Bin Liu, Yao Wu, Neil Zhenqiang Gong, Junjie Wu, Hui Xiong, Martin Ester

Research output: Contribution to journalArticlepeer-review

20 Scopus citations


Advances in smartphone technology have promoted the rapid development of mobile apps. However, the availability of a huge number of mobile apps in application stores has imposed the challenge of finding the right apps to meet the user needs. Indeed, there is a critical demand for personalized app recommendations. Along this line, there are opportunities and challenges posed by two unique characteristics of mobile apps. First, app markets have organized apps in a hierarchical taxonomy. Second, apps with similar functionalities are competing with each other. Although there are a variety of approaches for mobile app recommendations, these approaches do not have a focus on dealing with these opportunities and challenges.

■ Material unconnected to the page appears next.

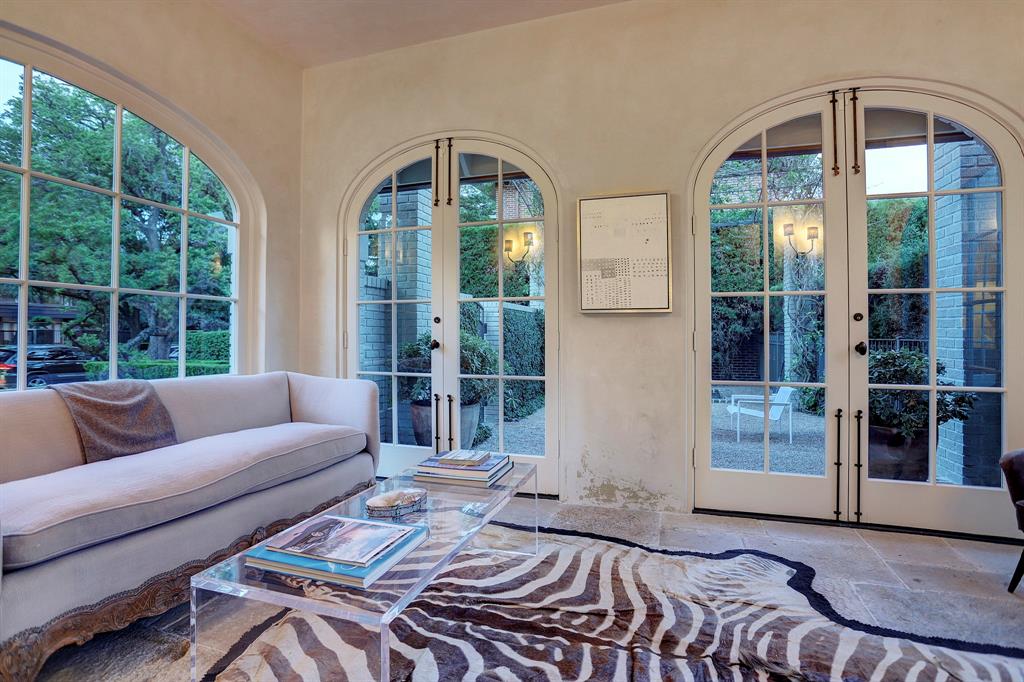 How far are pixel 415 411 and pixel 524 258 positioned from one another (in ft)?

To this end, in this article, we provide a systematic study for addressing these challenges. Specifically, we develop a structural user choice model (SUCM) to learn fine-grained user preferences by exploiting the hierarchical taxonomy of apps as well as the competitive relationships among apps. Moreover, we design an efficient learning algorithm to estimate the parameters for the SUCM model. Finally, we perform extensive experiments on a large app adoption dataset collected from Google Play. The results show that SUCM consistently outperforms state-of-the-art Top-N recommendation methods by a significant margin.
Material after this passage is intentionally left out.